Lebrun hizo una pausa para apurar otro sorbo de su whisky
sour
y luego reanudó su relato.

—Era 1915, y toda Europa estaba trenzada en combate, en el temprano derramamiento de sangre de la Primera Guerra Mundial —estaba diciendo Lebrun—. El director de la Administración Penal congregó a los
condamnés
, los convictos con sentencias más cortas, y a algunos de los
relegués
, los de cadena perpetua, los incorregibles, pero los que habían mostrado buena conducta, y yo era uno de ellos, puesto que había estado bajo la tutela del sacerdote. Se nos dijo que si nos alistábamos como voluntarios en un batallón especial del Ejército francés, para servir como soldados de infantería en el frente occidental de Europa contra los húngaros, se nos tendría consideración y se nos otorgaría indulgencia al término de la guerra.

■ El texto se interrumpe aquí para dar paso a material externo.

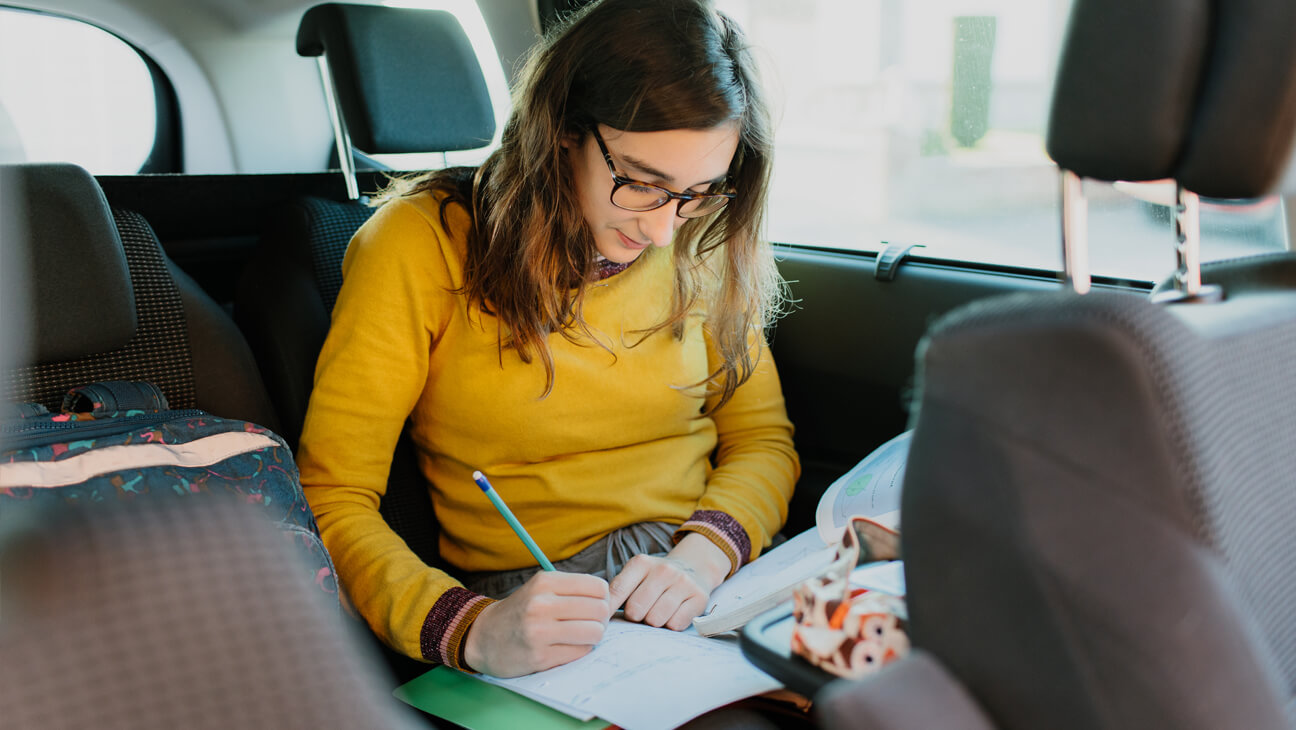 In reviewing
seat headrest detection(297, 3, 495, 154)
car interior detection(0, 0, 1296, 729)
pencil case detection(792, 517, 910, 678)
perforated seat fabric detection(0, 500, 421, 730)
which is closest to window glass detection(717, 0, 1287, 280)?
car interior detection(0, 0, 1296, 729)

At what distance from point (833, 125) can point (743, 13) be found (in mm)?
254

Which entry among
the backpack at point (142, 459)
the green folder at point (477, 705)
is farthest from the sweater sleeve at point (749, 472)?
the backpack at point (142, 459)

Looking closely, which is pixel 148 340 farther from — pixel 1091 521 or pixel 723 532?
pixel 1091 521

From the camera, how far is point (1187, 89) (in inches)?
27.1

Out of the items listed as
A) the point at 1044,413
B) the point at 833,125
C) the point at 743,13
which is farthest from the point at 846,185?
the point at 1044,413

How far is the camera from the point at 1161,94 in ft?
2.26

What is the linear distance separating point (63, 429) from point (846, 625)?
659 millimetres

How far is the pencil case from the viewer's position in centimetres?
68

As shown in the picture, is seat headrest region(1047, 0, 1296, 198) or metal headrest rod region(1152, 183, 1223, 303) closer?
seat headrest region(1047, 0, 1296, 198)

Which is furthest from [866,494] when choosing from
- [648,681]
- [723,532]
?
[648,681]

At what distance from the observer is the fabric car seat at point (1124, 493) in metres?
0.57

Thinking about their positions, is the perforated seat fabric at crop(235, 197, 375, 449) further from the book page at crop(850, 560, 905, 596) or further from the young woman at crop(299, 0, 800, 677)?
the book page at crop(850, 560, 905, 596)

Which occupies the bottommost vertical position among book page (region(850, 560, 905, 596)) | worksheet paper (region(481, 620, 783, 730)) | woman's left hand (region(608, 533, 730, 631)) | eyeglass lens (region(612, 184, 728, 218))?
woman's left hand (region(608, 533, 730, 631))

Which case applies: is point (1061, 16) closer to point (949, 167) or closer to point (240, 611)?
point (240, 611) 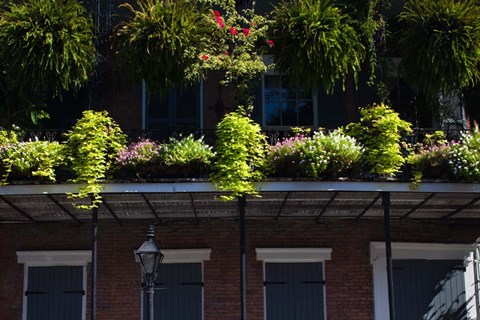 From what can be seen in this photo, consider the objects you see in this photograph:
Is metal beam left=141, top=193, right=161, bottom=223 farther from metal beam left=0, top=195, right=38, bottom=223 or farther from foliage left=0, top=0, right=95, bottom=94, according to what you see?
foliage left=0, top=0, right=95, bottom=94

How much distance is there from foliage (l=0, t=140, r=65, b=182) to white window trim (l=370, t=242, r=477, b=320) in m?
5.36

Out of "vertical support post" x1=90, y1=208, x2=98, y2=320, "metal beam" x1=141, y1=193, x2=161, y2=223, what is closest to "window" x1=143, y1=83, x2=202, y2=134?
"metal beam" x1=141, y1=193, x2=161, y2=223

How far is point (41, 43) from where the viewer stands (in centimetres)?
1068

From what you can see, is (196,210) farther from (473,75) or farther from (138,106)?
(473,75)

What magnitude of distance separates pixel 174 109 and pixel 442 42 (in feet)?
15.3

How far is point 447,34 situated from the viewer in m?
10.8

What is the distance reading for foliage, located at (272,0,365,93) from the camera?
1072 centimetres

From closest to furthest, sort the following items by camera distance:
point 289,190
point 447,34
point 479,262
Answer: point 289,190
point 447,34
point 479,262

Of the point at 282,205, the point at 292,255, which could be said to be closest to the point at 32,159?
the point at 282,205

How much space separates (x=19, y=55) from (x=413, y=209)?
644 centimetres

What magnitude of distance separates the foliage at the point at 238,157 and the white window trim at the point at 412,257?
10.0 ft

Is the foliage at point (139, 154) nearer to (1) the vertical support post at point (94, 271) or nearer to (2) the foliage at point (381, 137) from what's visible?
(1) the vertical support post at point (94, 271)

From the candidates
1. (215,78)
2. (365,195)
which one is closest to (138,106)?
(215,78)

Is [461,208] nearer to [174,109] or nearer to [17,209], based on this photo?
[174,109] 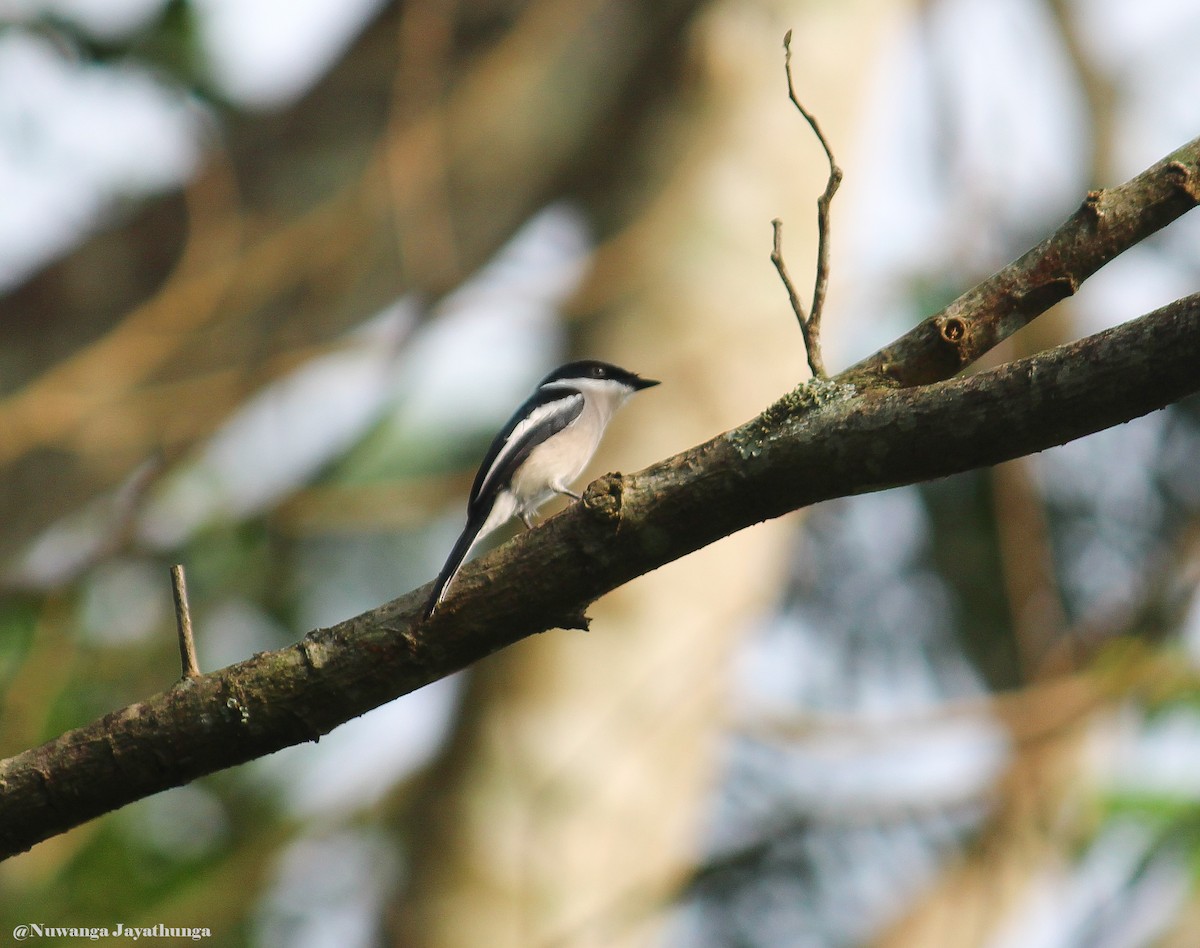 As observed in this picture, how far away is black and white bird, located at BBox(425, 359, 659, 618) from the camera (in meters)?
4.08

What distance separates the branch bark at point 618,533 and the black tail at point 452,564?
27 mm

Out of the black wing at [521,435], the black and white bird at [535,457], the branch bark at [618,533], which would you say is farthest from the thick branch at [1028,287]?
the black wing at [521,435]

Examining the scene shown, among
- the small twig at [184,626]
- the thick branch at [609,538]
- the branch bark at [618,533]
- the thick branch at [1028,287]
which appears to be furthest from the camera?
the small twig at [184,626]

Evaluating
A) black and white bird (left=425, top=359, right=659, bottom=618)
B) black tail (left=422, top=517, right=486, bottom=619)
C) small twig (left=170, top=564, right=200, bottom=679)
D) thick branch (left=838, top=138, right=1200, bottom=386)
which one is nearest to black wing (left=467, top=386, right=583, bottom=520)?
black and white bird (left=425, top=359, right=659, bottom=618)

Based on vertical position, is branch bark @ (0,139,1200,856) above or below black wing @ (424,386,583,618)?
below

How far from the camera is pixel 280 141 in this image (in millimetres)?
7223

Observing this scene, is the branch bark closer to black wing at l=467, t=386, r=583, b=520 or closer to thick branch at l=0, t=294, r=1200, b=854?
thick branch at l=0, t=294, r=1200, b=854

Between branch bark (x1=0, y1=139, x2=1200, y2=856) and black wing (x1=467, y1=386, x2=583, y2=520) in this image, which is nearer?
branch bark (x1=0, y1=139, x2=1200, y2=856)

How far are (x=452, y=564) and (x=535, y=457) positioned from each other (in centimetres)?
139

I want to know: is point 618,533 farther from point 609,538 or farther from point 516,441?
point 516,441

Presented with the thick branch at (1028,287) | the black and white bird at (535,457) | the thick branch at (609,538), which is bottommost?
the thick branch at (609,538)

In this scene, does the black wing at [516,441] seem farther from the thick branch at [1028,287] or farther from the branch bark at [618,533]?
the thick branch at [1028,287]

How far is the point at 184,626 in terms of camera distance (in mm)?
2531

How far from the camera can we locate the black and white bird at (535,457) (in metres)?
4.08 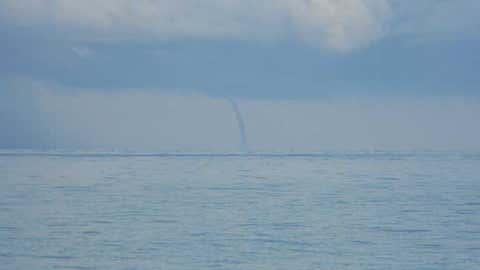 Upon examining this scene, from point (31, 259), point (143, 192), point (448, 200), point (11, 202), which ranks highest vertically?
point (448, 200)

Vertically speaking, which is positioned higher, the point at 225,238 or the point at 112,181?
the point at 112,181

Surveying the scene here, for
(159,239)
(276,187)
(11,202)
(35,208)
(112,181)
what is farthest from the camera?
Answer: (112,181)

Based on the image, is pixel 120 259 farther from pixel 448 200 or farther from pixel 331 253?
pixel 448 200

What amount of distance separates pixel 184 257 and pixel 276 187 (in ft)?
90.8

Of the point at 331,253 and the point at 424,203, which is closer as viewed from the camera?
the point at 331,253

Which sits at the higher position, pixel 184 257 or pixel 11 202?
pixel 11 202

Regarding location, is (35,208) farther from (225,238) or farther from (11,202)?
(225,238)

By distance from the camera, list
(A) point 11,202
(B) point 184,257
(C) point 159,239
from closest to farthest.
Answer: (B) point 184,257 < (C) point 159,239 < (A) point 11,202

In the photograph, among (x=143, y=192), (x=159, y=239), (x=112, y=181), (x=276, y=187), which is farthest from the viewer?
(x=112, y=181)

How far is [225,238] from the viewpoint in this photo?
88.1 ft

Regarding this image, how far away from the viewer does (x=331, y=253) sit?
24266 millimetres

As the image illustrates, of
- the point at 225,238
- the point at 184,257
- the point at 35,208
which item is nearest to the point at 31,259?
the point at 184,257

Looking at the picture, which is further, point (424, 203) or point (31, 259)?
point (424, 203)

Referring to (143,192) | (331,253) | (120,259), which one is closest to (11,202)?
(143,192) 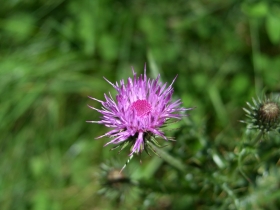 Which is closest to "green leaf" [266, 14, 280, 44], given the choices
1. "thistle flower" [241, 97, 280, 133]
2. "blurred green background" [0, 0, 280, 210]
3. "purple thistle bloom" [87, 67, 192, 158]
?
"blurred green background" [0, 0, 280, 210]

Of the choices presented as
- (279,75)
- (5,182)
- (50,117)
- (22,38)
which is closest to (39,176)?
(5,182)

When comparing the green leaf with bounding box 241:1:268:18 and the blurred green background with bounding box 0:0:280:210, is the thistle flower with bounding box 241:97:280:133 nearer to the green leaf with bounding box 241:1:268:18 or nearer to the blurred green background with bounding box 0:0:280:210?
the green leaf with bounding box 241:1:268:18

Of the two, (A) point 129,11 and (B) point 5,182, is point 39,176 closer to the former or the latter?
(B) point 5,182

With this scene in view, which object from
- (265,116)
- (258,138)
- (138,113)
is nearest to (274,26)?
(258,138)

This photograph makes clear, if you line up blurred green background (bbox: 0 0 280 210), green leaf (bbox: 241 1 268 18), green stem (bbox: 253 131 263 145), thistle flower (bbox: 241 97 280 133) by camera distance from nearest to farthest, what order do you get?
thistle flower (bbox: 241 97 280 133) < green stem (bbox: 253 131 263 145) < green leaf (bbox: 241 1 268 18) < blurred green background (bbox: 0 0 280 210)

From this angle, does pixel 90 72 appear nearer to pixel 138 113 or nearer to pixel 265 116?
pixel 138 113

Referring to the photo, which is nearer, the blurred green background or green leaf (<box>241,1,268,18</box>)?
green leaf (<box>241,1,268,18</box>) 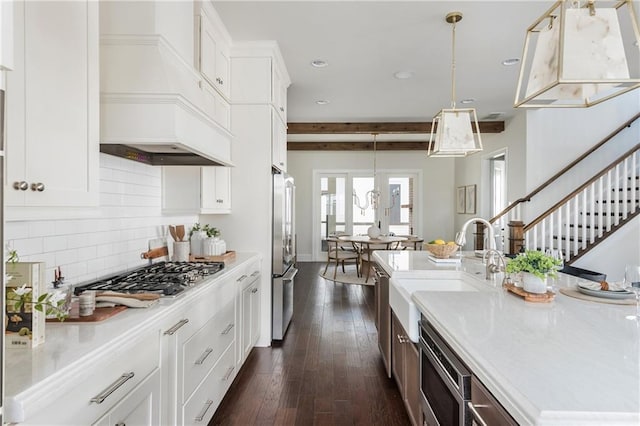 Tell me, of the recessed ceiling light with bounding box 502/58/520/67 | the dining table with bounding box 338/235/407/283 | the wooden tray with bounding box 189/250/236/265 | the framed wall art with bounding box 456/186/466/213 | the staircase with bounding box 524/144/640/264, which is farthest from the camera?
the framed wall art with bounding box 456/186/466/213

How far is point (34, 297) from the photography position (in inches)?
46.5

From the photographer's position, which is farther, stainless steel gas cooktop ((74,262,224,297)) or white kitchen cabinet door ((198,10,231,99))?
white kitchen cabinet door ((198,10,231,99))

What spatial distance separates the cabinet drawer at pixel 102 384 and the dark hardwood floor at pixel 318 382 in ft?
3.78

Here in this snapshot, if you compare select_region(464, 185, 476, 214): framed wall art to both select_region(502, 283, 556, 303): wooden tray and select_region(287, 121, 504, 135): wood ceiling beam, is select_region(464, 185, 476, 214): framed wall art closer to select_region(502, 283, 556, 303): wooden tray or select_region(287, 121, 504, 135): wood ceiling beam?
select_region(287, 121, 504, 135): wood ceiling beam

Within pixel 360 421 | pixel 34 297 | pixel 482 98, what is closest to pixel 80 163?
pixel 34 297

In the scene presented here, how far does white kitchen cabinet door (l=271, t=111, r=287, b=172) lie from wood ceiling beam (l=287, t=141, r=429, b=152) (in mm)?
4633

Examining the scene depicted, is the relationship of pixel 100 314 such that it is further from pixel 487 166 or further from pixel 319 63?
pixel 487 166

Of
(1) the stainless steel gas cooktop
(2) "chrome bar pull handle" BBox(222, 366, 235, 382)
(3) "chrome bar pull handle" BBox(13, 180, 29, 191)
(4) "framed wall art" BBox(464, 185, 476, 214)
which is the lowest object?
(2) "chrome bar pull handle" BBox(222, 366, 235, 382)

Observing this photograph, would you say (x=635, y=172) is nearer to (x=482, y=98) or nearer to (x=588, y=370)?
(x=482, y=98)

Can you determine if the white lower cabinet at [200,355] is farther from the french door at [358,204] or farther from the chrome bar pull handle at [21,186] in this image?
the french door at [358,204]

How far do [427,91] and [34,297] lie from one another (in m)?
4.81

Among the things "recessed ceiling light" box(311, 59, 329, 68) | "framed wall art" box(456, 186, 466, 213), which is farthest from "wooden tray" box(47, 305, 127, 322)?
"framed wall art" box(456, 186, 466, 213)

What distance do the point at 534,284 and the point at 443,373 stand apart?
2.03ft

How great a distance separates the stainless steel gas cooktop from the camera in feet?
6.09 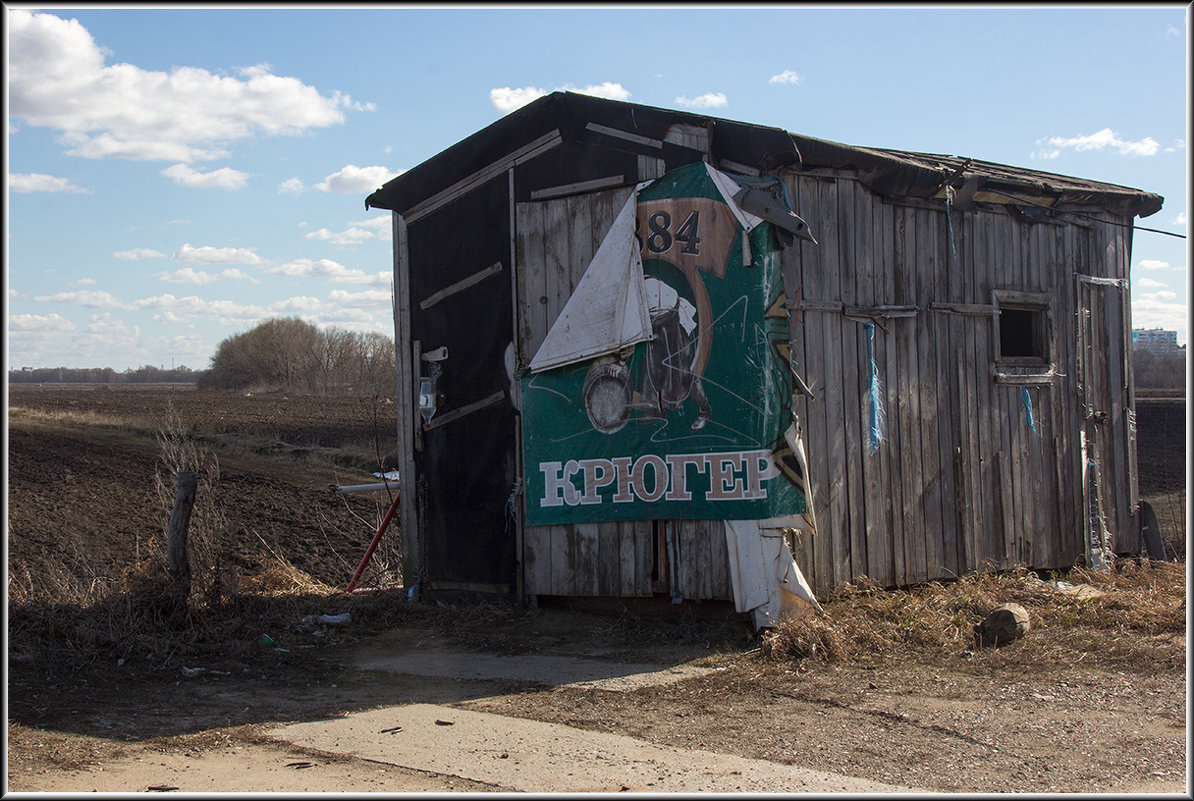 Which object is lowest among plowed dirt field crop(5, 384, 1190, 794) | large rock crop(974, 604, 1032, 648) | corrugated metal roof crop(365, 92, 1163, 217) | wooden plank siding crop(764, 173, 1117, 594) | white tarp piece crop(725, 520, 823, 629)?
plowed dirt field crop(5, 384, 1190, 794)

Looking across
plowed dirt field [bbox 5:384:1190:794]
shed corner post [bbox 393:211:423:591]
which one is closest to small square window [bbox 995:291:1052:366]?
plowed dirt field [bbox 5:384:1190:794]

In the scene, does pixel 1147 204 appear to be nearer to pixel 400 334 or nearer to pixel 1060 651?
pixel 1060 651

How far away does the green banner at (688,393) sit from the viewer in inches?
297

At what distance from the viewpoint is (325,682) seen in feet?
22.5

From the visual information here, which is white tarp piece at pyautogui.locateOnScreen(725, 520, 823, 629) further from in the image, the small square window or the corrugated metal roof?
the small square window

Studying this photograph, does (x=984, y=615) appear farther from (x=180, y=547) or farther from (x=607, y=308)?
(x=180, y=547)

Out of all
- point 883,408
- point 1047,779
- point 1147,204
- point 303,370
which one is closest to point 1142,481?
point 1147,204

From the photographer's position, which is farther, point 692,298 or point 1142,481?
point 1142,481

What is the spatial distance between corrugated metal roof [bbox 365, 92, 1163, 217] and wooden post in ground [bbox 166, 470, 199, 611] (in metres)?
3.60

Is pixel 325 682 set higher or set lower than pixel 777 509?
lower

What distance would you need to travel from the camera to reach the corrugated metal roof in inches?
305

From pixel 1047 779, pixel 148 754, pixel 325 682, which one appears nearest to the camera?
pixel 1047 779

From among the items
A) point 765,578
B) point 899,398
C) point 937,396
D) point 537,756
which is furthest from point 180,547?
point 937,396

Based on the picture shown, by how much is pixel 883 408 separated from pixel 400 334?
4966 mm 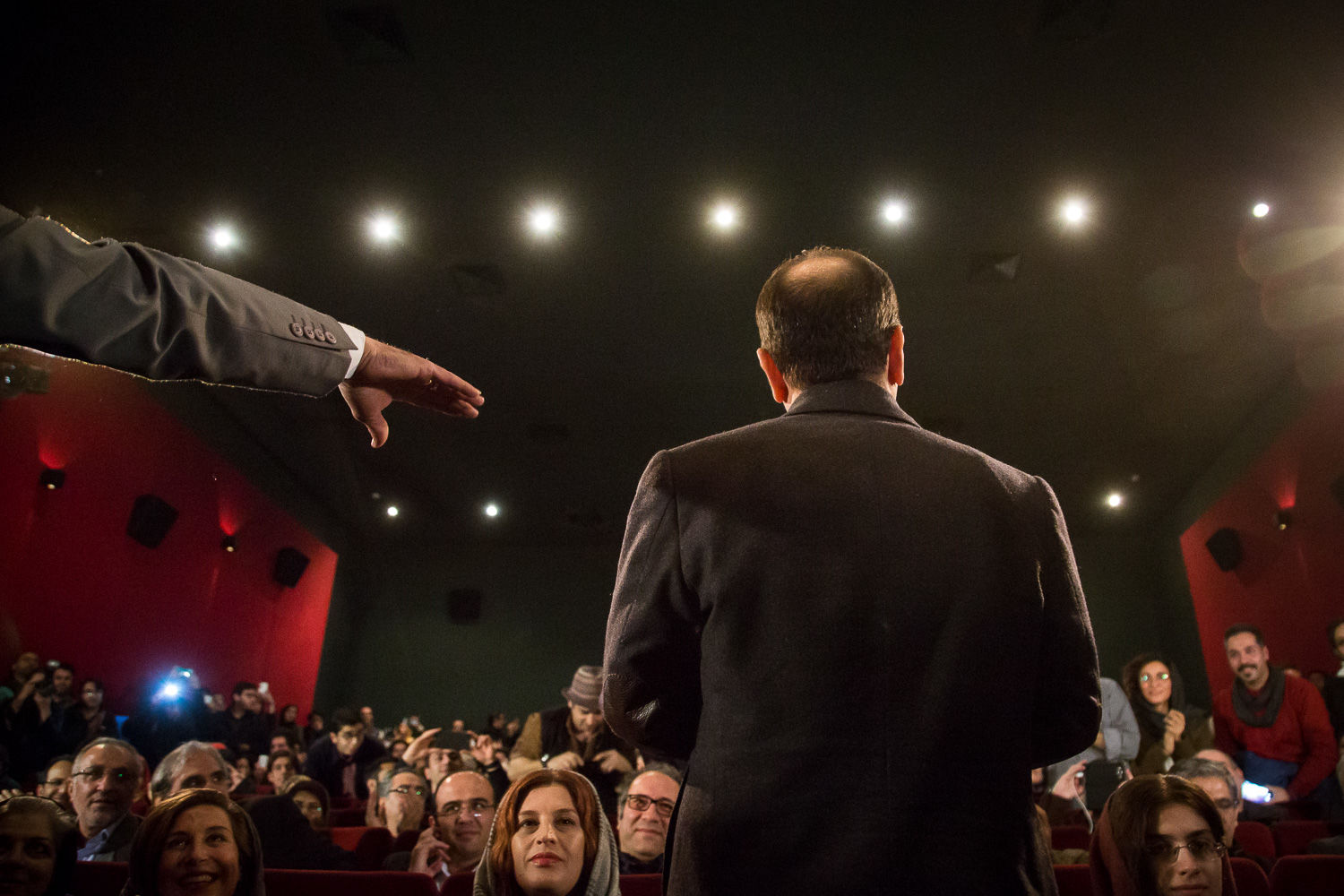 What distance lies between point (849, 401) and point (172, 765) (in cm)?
343

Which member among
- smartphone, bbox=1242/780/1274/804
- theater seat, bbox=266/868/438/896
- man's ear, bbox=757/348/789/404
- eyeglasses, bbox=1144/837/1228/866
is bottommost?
theater seat, bbox=266/868/438/896

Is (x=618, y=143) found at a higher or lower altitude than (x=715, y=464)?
higher

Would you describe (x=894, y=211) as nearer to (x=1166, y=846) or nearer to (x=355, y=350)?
(x=1166, y=846)

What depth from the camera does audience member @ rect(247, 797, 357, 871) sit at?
2.82 meters

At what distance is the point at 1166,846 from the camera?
200cm

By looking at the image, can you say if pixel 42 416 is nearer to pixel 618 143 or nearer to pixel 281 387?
pixel 618 143

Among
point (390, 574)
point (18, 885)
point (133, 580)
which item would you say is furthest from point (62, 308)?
point (390, 574)

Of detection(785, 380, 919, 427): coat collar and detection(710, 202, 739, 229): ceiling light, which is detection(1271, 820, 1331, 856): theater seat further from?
detection(710, 202, 739, 229): ceiling light

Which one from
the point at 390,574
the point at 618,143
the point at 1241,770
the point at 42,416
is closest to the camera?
the point at 1241,770

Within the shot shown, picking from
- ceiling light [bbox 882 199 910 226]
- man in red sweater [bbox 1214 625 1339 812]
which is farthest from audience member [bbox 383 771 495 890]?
ceiling light [bbox 882 199 910 226]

Todo fue ambiguo, impreciso, y pocos accedieron a ofrecerse. Mi cura, el padre Paquin, no podía entender por qué yo no había aprovechado esa oportunidad, y le respondí que lo había discutido con mis compañeros y que ninguno de nosotros deseaba arriesgarse a que le volaran la cabeza sin una garantía de recompensa. Mi sacerdote amigo consultó con las autoridades y volvió a mí con una oferta positiva. Si yo me prestaba voluntariamente a combatir por Francia, y si lograba persuadir a otros convictos de que también lo hicieran, el Ministerio de la Guerra de Francia nos garantizaría la amnistía y la libertad la semana misma en que acabara la contienda. «De hecho —me prometió el padre Paquin—, como siervo de Nuestro Señor, en nombre de Jesús el Salvador, tienes mi compromiso personal de ver que se cumpla la promesa del Gobierno. Tienes mi palabra de que si te alistas como voluntario para combatir, serás perdonado y se te devolverá la ciudadanía y la libertad. Te doy mi palabra, no sólo en nombre del Gobierno francés, sino también en el de la Iglesia.» Eso fue suficiente para mí… y, en parte a través de mi persuasión, lo fue igualmente para los otros. El Gobierno era una cosa. Pero el cura y la Iglesia eran infalibles y dignos de fe. Así que, junto con otros convictos, me alisté como voluntario en el Ejército.

A Randall le pareció increíble.

—Monsieur Lebrun, ¿me está usted diciendo que la colonia penal de la Isla del Diablo formó una unidad especial que fue enviada a Francia para pelear contra los alemanes?

—Exactamente.

—Pero, ¿por qué nunca he leído nada acerca de eso en ningún libro de Historia?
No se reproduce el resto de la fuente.